How to avoid Heartbleed or similar SSL related vulnerabilities?
By Albert CHING (CEO & CTO), TAN Jit Kiat (Director, Product Engineering ), and Priyesh PANCHMATIA (Director, Solutions)
April 24, 2014 – The latest disclosure of Heartbleed, an OpenSSL encryption bug, is yet another reminder of the security threats we continue to face. The Heartbleed bug allows anyone on the Internet to read the memory of the systems protected by the vulnerable versions of the OpenSSL software. This compromises the secret keys used to identify the service providers and to encrypt the traffic, the names and passwords of the users and the actual content. This allows attackers to eavesdrop communications, steal data directly from the services and users and to impersonate services and users1.
This bug has resided in production software for more than two years and is described as “catastrophic” by leading security experts2. The immediate solution is to identify affected systems, apply the fix and update the SSL certificates. Users also need to be informed to change their passwords and track misuse of the exposed information.
Even if the bug is patched today, there is no guarantee that a similar type of bug does not resurface or stay hidden in software undiscovered. Such vulnerability with similar impact could arise in the future from another SSL library or application product.
It also leads to questions whether Secure Socket Layer (SSL) is sufficient to protect data confidentiality and integrity of online transactions. How can enterprises manage the risk of future data leak through web services and convince their customers that their data is safe from eavesdroppers? Would it have been possible to have done something to mitigate the risk of such an event?

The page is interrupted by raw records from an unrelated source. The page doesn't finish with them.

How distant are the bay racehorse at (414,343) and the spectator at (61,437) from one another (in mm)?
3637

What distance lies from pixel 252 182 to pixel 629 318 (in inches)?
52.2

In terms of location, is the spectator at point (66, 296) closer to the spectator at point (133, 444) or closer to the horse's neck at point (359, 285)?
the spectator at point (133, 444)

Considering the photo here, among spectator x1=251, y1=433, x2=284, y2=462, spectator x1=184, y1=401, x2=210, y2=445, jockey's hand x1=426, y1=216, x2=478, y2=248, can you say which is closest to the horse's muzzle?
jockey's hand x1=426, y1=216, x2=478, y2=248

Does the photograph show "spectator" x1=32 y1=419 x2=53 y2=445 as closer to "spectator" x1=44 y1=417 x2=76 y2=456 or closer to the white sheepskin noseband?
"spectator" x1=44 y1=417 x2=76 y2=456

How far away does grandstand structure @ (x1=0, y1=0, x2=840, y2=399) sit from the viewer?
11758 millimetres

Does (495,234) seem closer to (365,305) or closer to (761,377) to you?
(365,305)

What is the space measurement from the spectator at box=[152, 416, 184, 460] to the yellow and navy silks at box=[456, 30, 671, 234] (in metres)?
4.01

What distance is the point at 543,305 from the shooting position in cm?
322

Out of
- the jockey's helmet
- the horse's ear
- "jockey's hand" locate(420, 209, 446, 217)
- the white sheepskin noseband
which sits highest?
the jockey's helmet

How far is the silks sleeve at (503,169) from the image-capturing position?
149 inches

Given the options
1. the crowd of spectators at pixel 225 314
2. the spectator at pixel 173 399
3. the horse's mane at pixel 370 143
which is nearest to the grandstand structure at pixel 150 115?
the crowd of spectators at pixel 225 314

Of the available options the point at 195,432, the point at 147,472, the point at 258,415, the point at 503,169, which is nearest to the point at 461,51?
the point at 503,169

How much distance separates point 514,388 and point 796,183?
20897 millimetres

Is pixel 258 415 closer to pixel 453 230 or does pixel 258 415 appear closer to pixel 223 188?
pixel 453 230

To prevent exposure of sensitive data even if SSL encryption is broken, enterprises need a strong data protection solution such as end-to-end encryption (E2EE) to protect passwords and sensitive transaction data. E2EE ensures that sensitive data stays encrypted even within the memory of vulnerable web or application servers. It offers protection to the HeartBleed type of bug as well as prevents insiders such as software developers or DBAs from leaking sensitive data accidentally or deliberately. In fact both Monetary Authority of Singapore (MAS) and Hong Kong Monetary Authority (HKMA) have mandated financial institutions to adopt E2EE for protection of passwords as well as critical transaction data in the e-banking sites.

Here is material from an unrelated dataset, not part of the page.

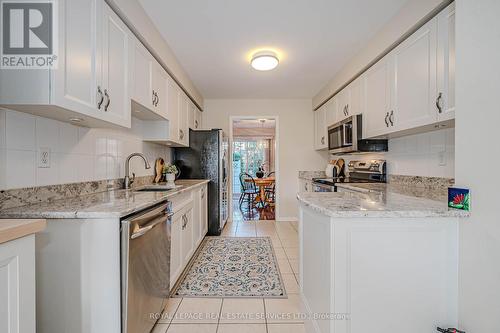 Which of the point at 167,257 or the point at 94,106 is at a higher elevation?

i-Sprint Universal Authentication Server (UAS) E2EE for Credential and Transaction Data Protection solution has been designed to meet the E2EE requirements. It is a complete end-to-end encryption solution that is bundled with a FIPS certified Hardware Security Module (HSM) and user endpoint encryption libraries that supports all major web browsers as well as Apple iOS, Android, Blackberry, Windows mobile platforms.
i-Sprint UAS E2EE solution is a proven solution among many financial institutions and provides an off-the-shelf product to enable organizations to encrypt the password and sensitive data and send the encrypted data over a communication channel in addition to the SSL protection. This is done by using an encryption library and key data to encrypt the data at the point of entry (user desktop/smartphone) before submission to the server side. This data remains encrypted all the way to the web server and even the application server. The data may be decrypted at the application server, however in the case of passwords, they remain encrypted and are verified inside a HSM. HSMs are cryptographic devices using tamper resistant hardware built to meet the FIPS standards. Thus the passwords are encrypted from the point of entry to the point of comparison. Apart from mitigating against Heartbleed type of vulnerabilities, this ensures that nobody in the intranet has access to the password in clear during transit and storage, as well as protecting against internal fraud.
In summary, effective data protection requires a combination of layered security solutions and the right processes. Organizations should not wait for the next web server vulnerability and should look into implementing End to End Encryption solutions at the application layer to protect their confidential information instead of relying on SSL protection.